Captioned web images
┏━━

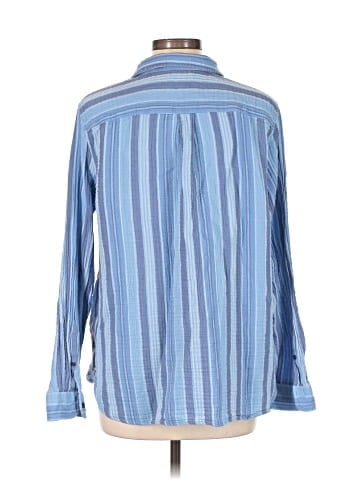 L.L.Bean Long Sleeve Button-Down Shirt (view 2)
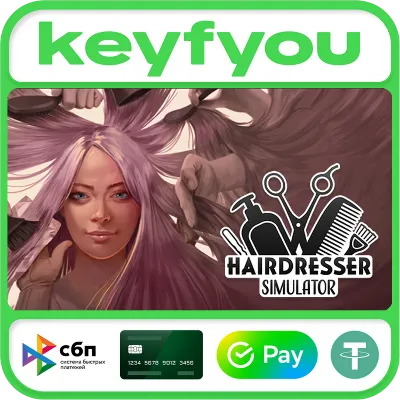 Hairdresser Simulator / STEAM KEY 🔥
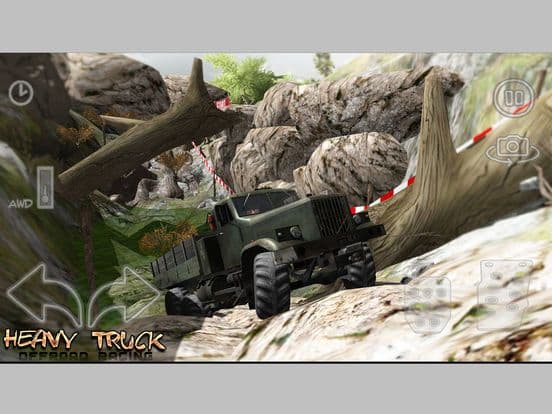 Heavy Truck Offroad Racing screenshot 4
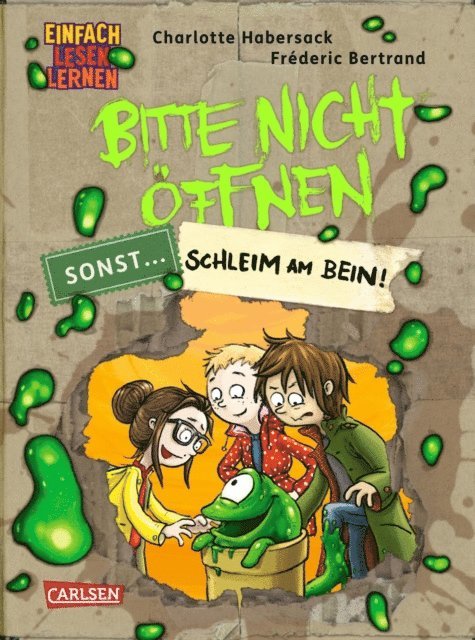 Charlotte Habersack - Bitte nicht öffnen, sonst ... 2: Schleim am Bein!, E-bok
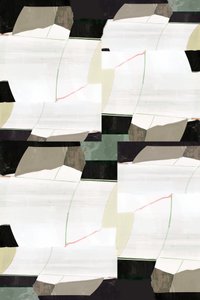 Abstrakte geometriske former av cartissi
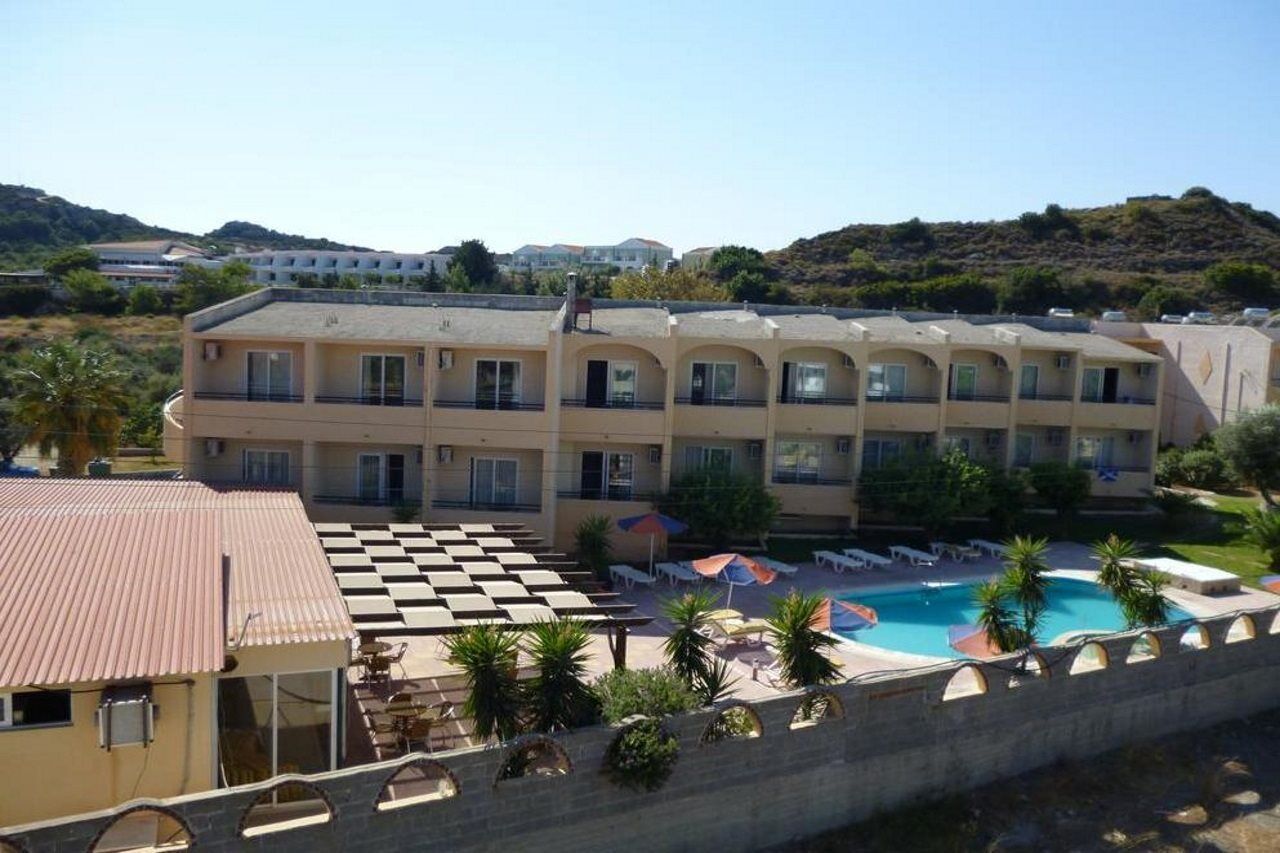 Sevastos Hotel 法里拉基 外观 照片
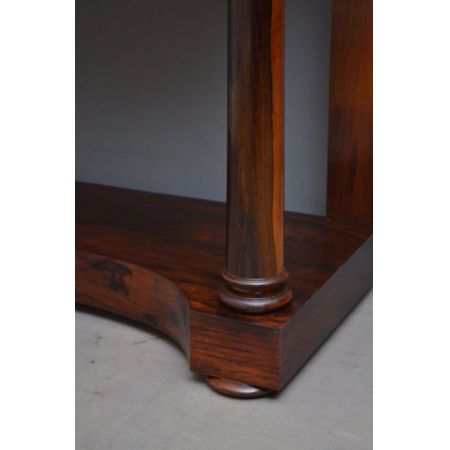 Regency Palisander Beistelltisch original antik ca 1825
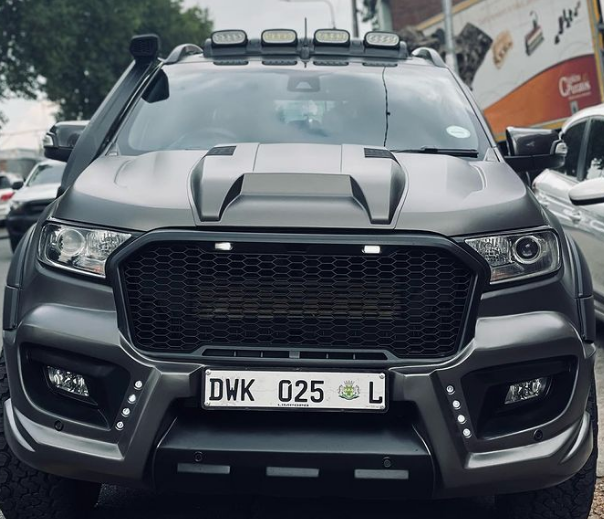 RANGER RAPTOR STYLE ADD ON BUMPER WITH L.E.D T7 MODEL 2016-2019 (non oem)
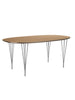 Piet Hein B616 Superellipse spisebord, 170 x 100 cm fra Fritz Hansen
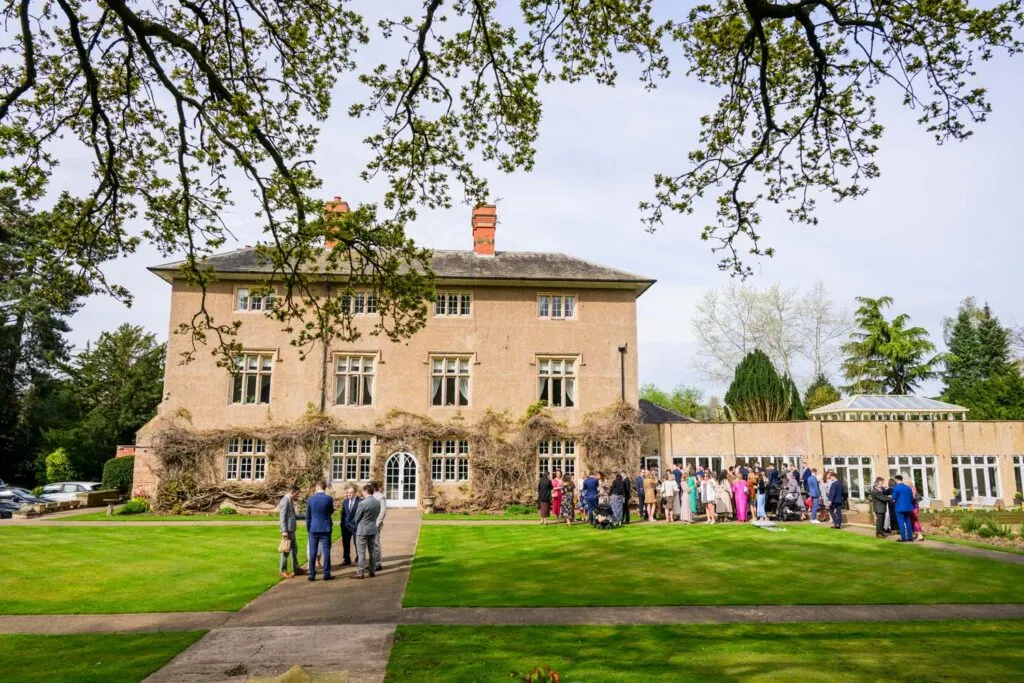 woodborough hall wedding photography nottinghamshire venue exterior
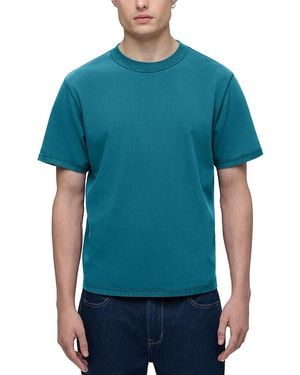 Hudson Jeans Cotton Heavy Weight Tee - Blue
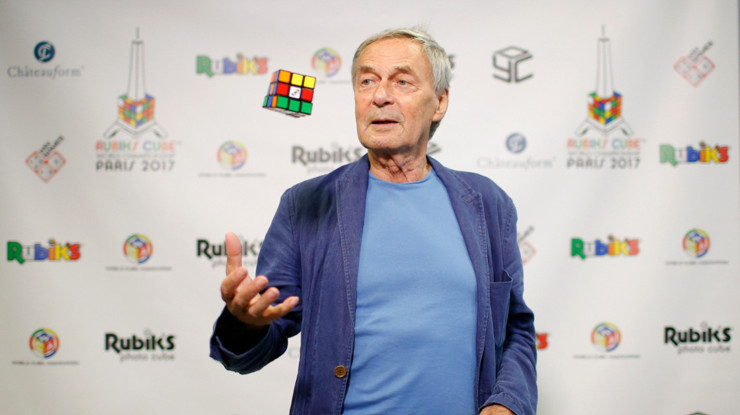 "Dünyanın en çok satan oyuncağı" Rubik küpünün icadının 50. yılı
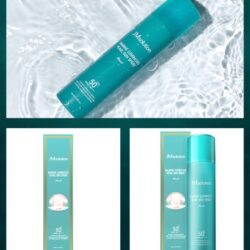 Kem xịt chống nắng ngọc trai JM Solution Marine Luminous Pearl 180ml 5 Kem xit chong nang ngoc trai JM Solution Marine Luminous Pearl 180ml 1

┗━━

**What needs to be done**
Out of the records above, return only the lines from the one with "Regency Palisander Beistelltisch" through the one with "woodborough hall wedding", exactly, and none of the pictures.

**Response box**
 Regency Palisander Beistelltisch original antik ca 1825
 RANGER RAPTOR STYLE ADD ON BUMPER WITH L.E.D T7 MODEL 2016-2019 (non oem)
 Piet Hein B616 Superellipse spisebord, 170 x 100 cm fra Fritz Hansen
 woodborough hall wedding photography nottinghamshire venue exterior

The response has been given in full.